Originally printed in Boston as a quarterly, the periodical transitioned through various formats—monthly, bimonthly, and irregular issues—reflecting shifts in publishing economics and distribution networks tied to rail and mail routes connecting cities like Philadelphia, Baltimore, and Chicago. Ownership and production moved among private publishers, university-affiliated presses, and independent editors operating in urban centers including Ithaca, New York and New York City.

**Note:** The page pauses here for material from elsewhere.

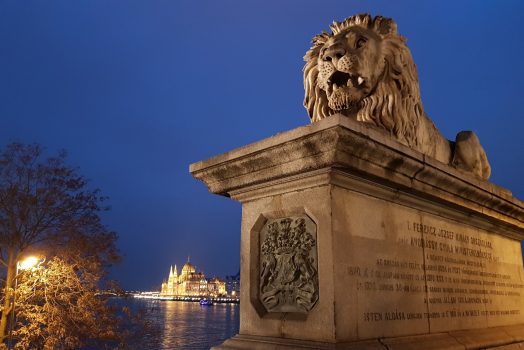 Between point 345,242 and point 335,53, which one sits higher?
point 335,53

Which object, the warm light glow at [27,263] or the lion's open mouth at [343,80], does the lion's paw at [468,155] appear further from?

Circulation strategies adapted with the rise of magazine subscription models, reviews syndicated to newspapers like the New York Times and discussions carried in periodicals such as The Atlantic Monthly. In the digital era the title expanded online presence alongside archival projects in collaboration with university libraries and digitization initiatives connected to institutions such as the Library of Congress.

Influence and Reception

Throughout its run the magazine influenced literary reputations, public intellectual debates, and policy conversations—shaping perceptions of figures from Abraham Lincoln to Franklin D. Roosevelt—and contributed to the careers of poets, novelists, and essayists later honored by prizes including the Pulitzer Prize and the National Book Critics Circle Award. Critical reception varied: praised in periods for fostering vigorous debate alongside magazines like Harper's and The New Republic, while at times criticized during controversies tied to editorial stances amid the Red Scare and cultural shifts in the 1960s.

Academic scholarship on the periodical appears in histories of American letters produced by scholars at Harvard University, Yale University, and Columbia University, and its archives are frequently consulted by researchers tracing connections among journalism, literature, and public policy across American history.